Johnson named Petal teacher of the year


 “The students. The students. The students.”

This was Petal Upper Elementary School’s Teacher of the Year Lori Johnson’s response when she considered the best part of a career in education.

“Taking the time to get to know students socially, emotionally and academically is key,” she said. “Each student has a name and a story to be learned so that growth can be strived for and achieved.”

The Brandon native teaches sixth-grade English Language Arts and Social Studies. She has worked for the Petal School District for all 15 of her years in education.

While Johnson is an educator, she also knows the value of her continuing to learn as well.

“As a teacher, I value the continuation of learning for myself so that I can provide the best education tailored for each individual student,” she said. “I have to constantly assess my own weaknesses to continue to grow professionally. I am thankful to work with a team that is always helpful in researching solutions to problems my students may be having.”

Johnson said the guidance from teachers and administrators like Lawrie Wallace, Emily Branch, Dede Smith and Gloria Wyatt, who have mentored her, means the most.

Others who Johnson said have encouraged and taught her over the years include Robin Atwood, director of the South Mississippi Writing Project and World Class Teaching Program at USM; educational authors like Kylene Beers, Kelly Gallagher, Rose Cappelli, Lynne Dorfman, Timothy Rasinski, Joseph Harris and many others.

She said they have all played a pivotal part in her growth as a teacher and have inspired her.

“Although I face challenges daily on how to either help a struggling student succeed or push a student that is excelling, I am thankfully surrounded by a wonderful group of people, organizations and books that are always willing to lend support,” she said.

Johnson was nominated by her peers for the Teacher of the Year honor.

“I am truly humbled to be chosen as the teacher of the year for Petal Upper Elementary School by my fellow teachers,” she said. “I work in a school filled with talented and dedicated teachers that strive to provide the very best for all of our students on a daily basis and find it a true honor to be selected. This staff is especially special because of the family environment we share.”

After Petal Upper Elementary was hit by the tornado last year and relocated to Petal Harvey Baptist Church, Johnson said every teacher worked together without complaining to meet both the emotional, artistic and academic needs of the children as a team.

“This brought us all that much closer to one another,” she said. “I love walking through the doors into work with everyone each and every day.”

Johnson was drawn to the Petal School District when she had the opportunity to work in classrooms around the Pine Belt while attending The University of Southern Mississippi.

“Petal stood out because of the teachers’ commitment to excellence, belief that all students had the ability to learn and grow and the strong relationship the school system had with the parents and community,” she said.

While she loves her job and knows this is where she is meant to be, Johnson did not always plan to become a teacher.

“I actually started as an accounting major in college,” she said. “I soon realized that I was on the wrong path as I was missing working with and teaching children. Something that I had done through many jobs like working at Camp Garaywa in my teenage years.”

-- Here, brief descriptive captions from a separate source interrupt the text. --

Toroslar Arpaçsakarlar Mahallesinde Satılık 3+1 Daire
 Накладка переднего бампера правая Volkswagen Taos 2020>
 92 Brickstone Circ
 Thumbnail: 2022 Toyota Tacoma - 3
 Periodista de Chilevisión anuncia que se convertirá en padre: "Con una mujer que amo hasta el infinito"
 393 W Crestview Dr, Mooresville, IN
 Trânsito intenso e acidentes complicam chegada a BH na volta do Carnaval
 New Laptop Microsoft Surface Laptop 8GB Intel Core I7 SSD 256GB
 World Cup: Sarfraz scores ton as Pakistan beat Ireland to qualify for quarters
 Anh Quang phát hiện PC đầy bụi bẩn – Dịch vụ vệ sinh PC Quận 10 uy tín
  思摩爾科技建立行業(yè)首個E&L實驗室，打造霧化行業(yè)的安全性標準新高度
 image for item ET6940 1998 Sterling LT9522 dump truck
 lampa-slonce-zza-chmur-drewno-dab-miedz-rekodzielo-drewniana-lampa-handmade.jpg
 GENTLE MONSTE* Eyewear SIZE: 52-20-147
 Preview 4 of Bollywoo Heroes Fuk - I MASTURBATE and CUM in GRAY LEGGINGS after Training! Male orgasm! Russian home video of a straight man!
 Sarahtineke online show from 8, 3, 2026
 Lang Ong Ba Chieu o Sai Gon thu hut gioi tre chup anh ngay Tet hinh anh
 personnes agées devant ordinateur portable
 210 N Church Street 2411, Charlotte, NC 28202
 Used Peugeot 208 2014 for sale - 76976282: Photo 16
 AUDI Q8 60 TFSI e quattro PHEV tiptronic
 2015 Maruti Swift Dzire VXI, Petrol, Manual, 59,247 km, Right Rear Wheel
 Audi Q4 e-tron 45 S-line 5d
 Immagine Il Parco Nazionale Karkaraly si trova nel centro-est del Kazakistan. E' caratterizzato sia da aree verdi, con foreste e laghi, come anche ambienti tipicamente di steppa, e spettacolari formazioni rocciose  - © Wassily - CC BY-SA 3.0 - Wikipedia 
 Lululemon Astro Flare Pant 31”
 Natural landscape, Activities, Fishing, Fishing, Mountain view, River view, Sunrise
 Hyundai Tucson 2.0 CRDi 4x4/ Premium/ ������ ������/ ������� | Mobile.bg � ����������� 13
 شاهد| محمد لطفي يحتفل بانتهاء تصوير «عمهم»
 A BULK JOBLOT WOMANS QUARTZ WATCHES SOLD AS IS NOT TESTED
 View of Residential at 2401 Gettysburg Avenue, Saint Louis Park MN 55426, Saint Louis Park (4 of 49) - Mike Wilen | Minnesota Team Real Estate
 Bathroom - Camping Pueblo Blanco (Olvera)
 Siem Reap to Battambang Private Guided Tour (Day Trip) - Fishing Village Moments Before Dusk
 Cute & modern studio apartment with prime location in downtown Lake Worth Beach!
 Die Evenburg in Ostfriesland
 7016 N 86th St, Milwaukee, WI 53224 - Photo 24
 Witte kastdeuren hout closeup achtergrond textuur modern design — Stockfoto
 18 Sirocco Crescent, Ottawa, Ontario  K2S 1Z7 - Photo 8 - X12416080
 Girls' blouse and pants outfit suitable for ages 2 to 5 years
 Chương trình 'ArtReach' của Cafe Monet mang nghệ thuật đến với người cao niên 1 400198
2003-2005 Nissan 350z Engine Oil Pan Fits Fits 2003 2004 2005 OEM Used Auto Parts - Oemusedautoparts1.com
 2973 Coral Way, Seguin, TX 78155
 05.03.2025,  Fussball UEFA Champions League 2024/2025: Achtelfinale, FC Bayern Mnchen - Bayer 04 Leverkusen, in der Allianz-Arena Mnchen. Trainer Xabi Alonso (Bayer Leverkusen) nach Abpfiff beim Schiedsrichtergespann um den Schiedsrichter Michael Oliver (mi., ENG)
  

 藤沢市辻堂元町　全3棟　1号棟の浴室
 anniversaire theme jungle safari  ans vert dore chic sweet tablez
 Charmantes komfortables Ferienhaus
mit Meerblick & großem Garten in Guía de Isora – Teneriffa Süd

Johnson will spend the rest of the year working to engage her students in their coursework, as well as in activities outside of the classroom.

“My sixth-grade team is striving to better engage students in the study of ELA and Social Studies through the AIM Experience,” she said. “The AIM Experience consists of ELA based clubs that take place during school hours once a week to allow access to all students to help with motivating student learning.”

She said the entire school is focused on “teaching the whole child.”

“We are all sharing and studying how to do this across the academic classrooms and the arts, so I am looking forward to better understanding not only the necessity of teaching the whole child, but how to apply this in my classroom through authentic learning experiences.”

Since the creation of the Mississippi National Board Certified Teacher Network, Johnson – along with a few other National Board teachers – is currently working on creating a regional network in our area for National Board teachers to have a way to grow as leaders and as advocates.”

Johnson hopes that by studying ancient civilizations and writing argument papers, her sixth-graders will learn to not just be decision-makers, but also learn to become informed decision-makers throughout life.

“Using the tools and strategies that we provide, I hope that the students realize that the lessons we teach in the classroom are applicable to real-world experiences they are encountering now and will encounter in the future,” she said. “I also always hope that all of the lessons and discussions we have on theme and connotation as we read pieces of literature will lead to students being more kind and compassionate individuals.”

Johnson earned her Associate of Arts from Jones County Junior College. She received her bachelor’s degree in elementary education from The University of Southern Mississippi and Master of Education in Mild and Moderate Disabilities from William Carey University.